From Volume 4, Issue Number 42 of EIR Online, Published Oct. 18, 2005

U.S. Economic/Financial News

Bush-Appointed Amtrak Board Secretly Voted To Privatize its Northeast Corridor

The Northeast Corridor (NEC) runs between Boston and Washington and is the most capital-intensive electrified rail corridor in the U.S. The Sept. 22 secret vote would, if approved by Congress, de facto lead to the implementation of the Bush Administration's "bankrupt Amtrak" plan, since it is the NEC which generates the revenues for the national rail system. Such a move also plays into the neo-con networks in Congress who have tried for years to privatize Amtrak. But, so far, this year, Congress has not fully adopted the Bush death warrant for Amtrak.

U.S. Senator Frank Lautenberg (D-NJ) said of the Amtrak vote, "The Bush administration wants to hold a fire sale on Amtrak and sell its best asset, the Northeast Corridor. Selling the [NEC] is the first step in President Bush's plan to destroy Amtrak and intercity rail service in America." The Times reports the Senate may take up its version of the appropriations bill which includes Amtrak funding, next week.

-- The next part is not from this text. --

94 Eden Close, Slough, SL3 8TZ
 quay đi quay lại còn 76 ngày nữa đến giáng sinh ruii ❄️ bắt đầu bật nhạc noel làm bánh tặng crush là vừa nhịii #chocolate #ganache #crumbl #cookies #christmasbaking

Freddie Mac Economist: Billions More Needed in Refinancing Aid to Gulf States

Freddie Mac chief economist Frank Nothaft tried to sketch a 2006 "soft landing" for the U.S. housing bubble in a National Press Club presentation Oct. 12: a median price increase of "only" 7.7%, of which 2-3% would be in the form of price inflation in all building materials; a 5% drop in housing starts and a 3% drop in home sales (despite replacement of destroyed homes in the Gulf states); "the end of the home refinancing boom"; a "robust economy," etc. Nothaft seemed to be talking more about "Rosy" than "Katrina and Rita," whose impact was supposed to be his topic.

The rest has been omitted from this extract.